## WHAT YOU WILL DO
Your copy of the lines below must match them exactly and contain no images.

## AVAILABLE DATA
· · · · ·

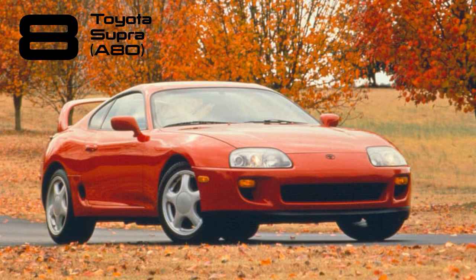The fourth-generation Supra continued Toyota's trend of becoming a favorite in the tuning community. The twin-turbo version, already formidable as a supercar killer in stock form, boasted a 2JZ straight-six engine capable of handling over 1,000 bhp with specific modifications. Quite a powerhouse.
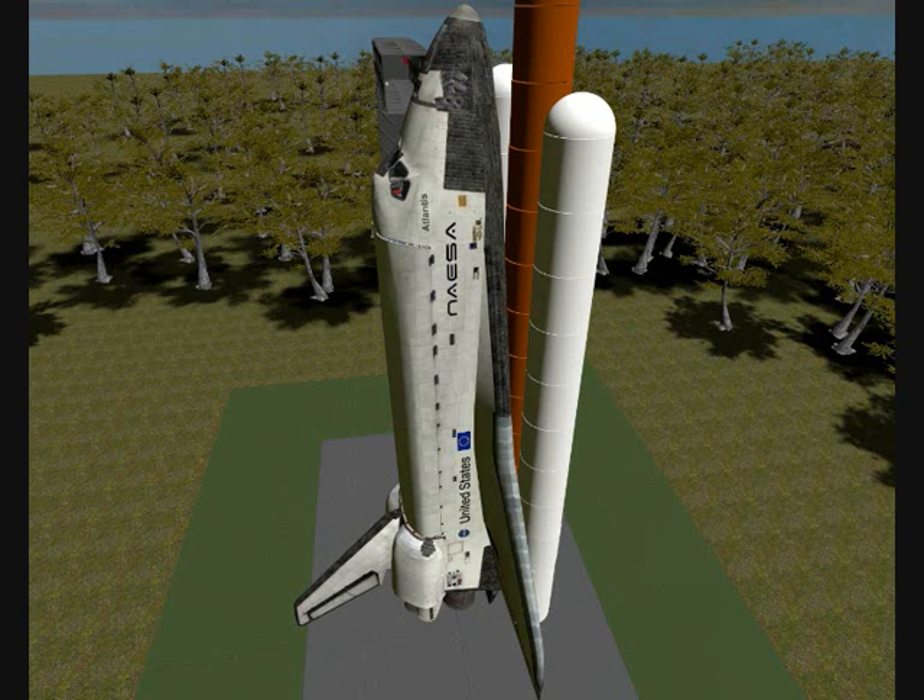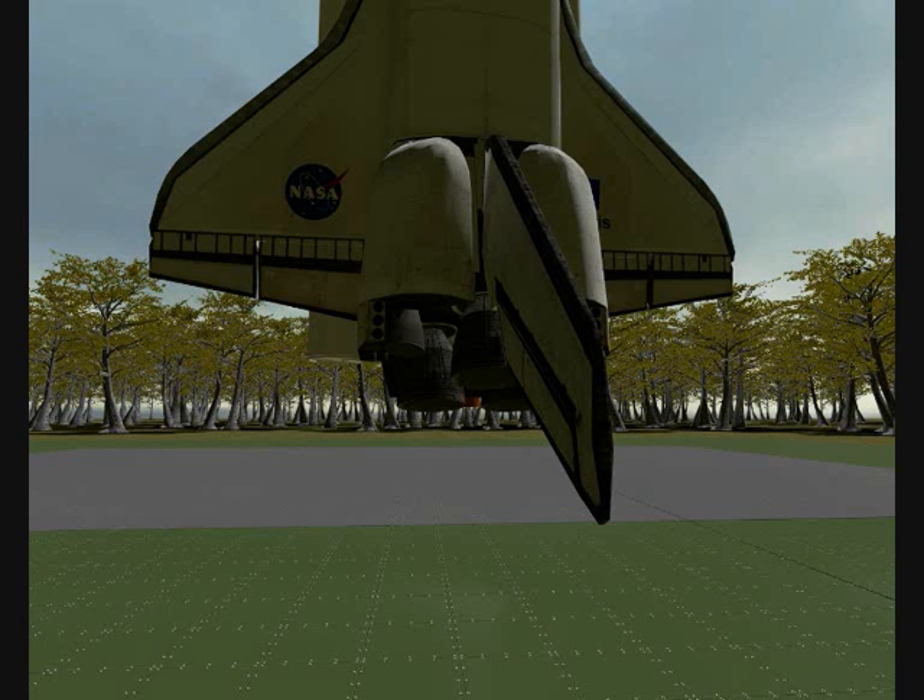Dover ET LH2 pressurization. Sound suppression water system has been armed. Three main engines reported ready for ignition. One minute.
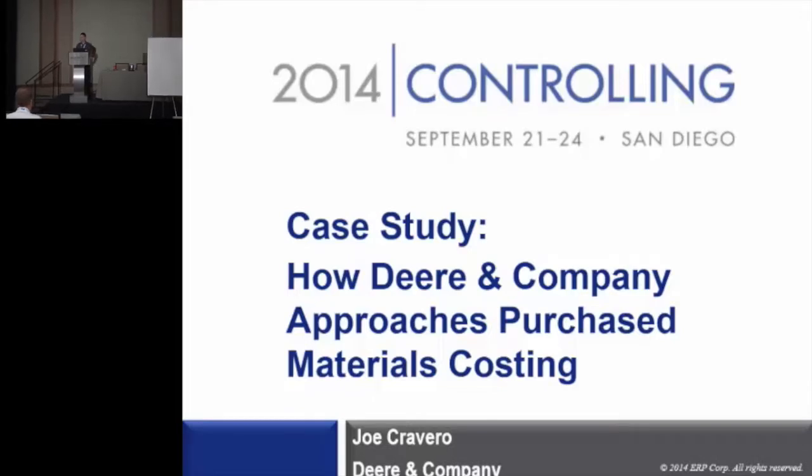Hi there, I'm Joe Cavero. I'm with Deere & Company and today we're doing a case study on how my company, Deere & Company, approaches purchased materials costing.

· · · · ·

## SOLUTION TO THE PROBLEM
The fourth-generation Supra continued Toyota's trend of becoming a favorite in the tuning community. The twin-turbo version, already formidable as a supercar killer in stock form, boasted a 2JZ straight-six engine capable of handling over 1,000 bhp with specific modifications. Quite a powerhouse.
Dover ET LH2 pressurization. Sound suppression water system has been armed. Three main engines reported ready for ignition. One minute.
Hi there, I'm Joe Cavero. I'm with Deere & Company and today we're doing a case study on how my company, Deere & Company, approaches purchased materials costing.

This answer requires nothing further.